• **Exercise brief**
Omit the images and return the remaining entries unchanged.

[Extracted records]
- Opening Delimiter -
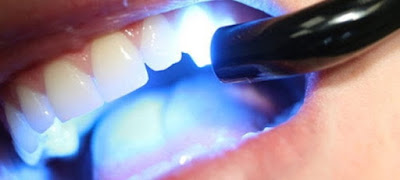 Trám răng laser tech là gì? 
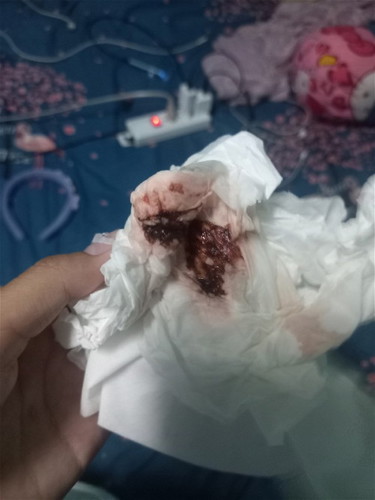 5w1d มีเลือดออกสีแบบนี้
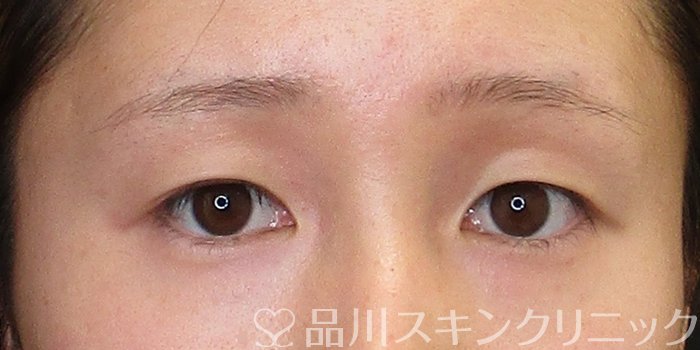 症例NO.75295のBEFORE写真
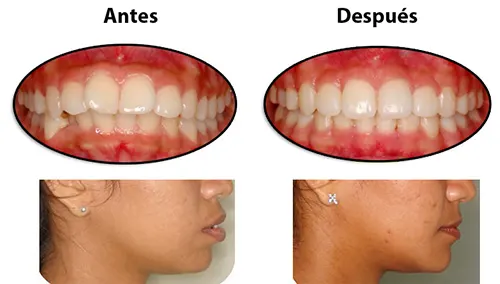 Antes y después: Mejor perfil facial. Perfil y sonrisa mejorados con extracciones y ortodoncia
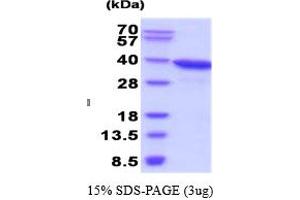 SDS-PAGE (SDS) image for Aldo-Keto Reductase Family 1, Member C3 (3-alpha Hydroxysteroid Dehydrogenase, Type II) (AKR1C3) (AA 1-323) (Active) protein (ABIN6387733)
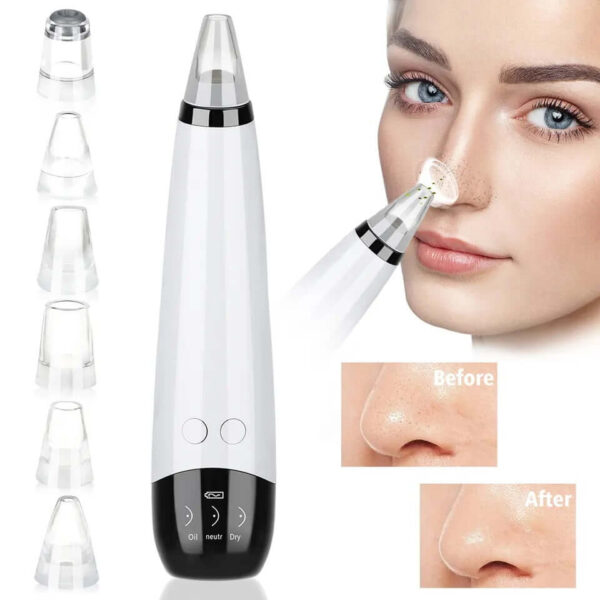 Black Heads Remover Vacuum Pore Facial Cleaner - Image 3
- Closing Delimiter -
• **Written reply**
 Trám răng laser tech là gì? 
 5w1d มีเลือดออกสีแบบนี้
 症例NO.75295のBEFORE写真
 Antes y después: Mejor perfil facial. Perfil y sonrisa mejorados con extracciones y ortodoncia
 SDS-PAGE (SDS) image for Aldo-Keto Reductase Family 1, Member C3 (3-alpha Hydroxysteroid Dehydrogenase, Type II) (AKR1C3) (AA 1-323) (Active) protein (ABIN6387733)
 Black Heads Remover Vacuum Pore Facial Cleaner - Image 3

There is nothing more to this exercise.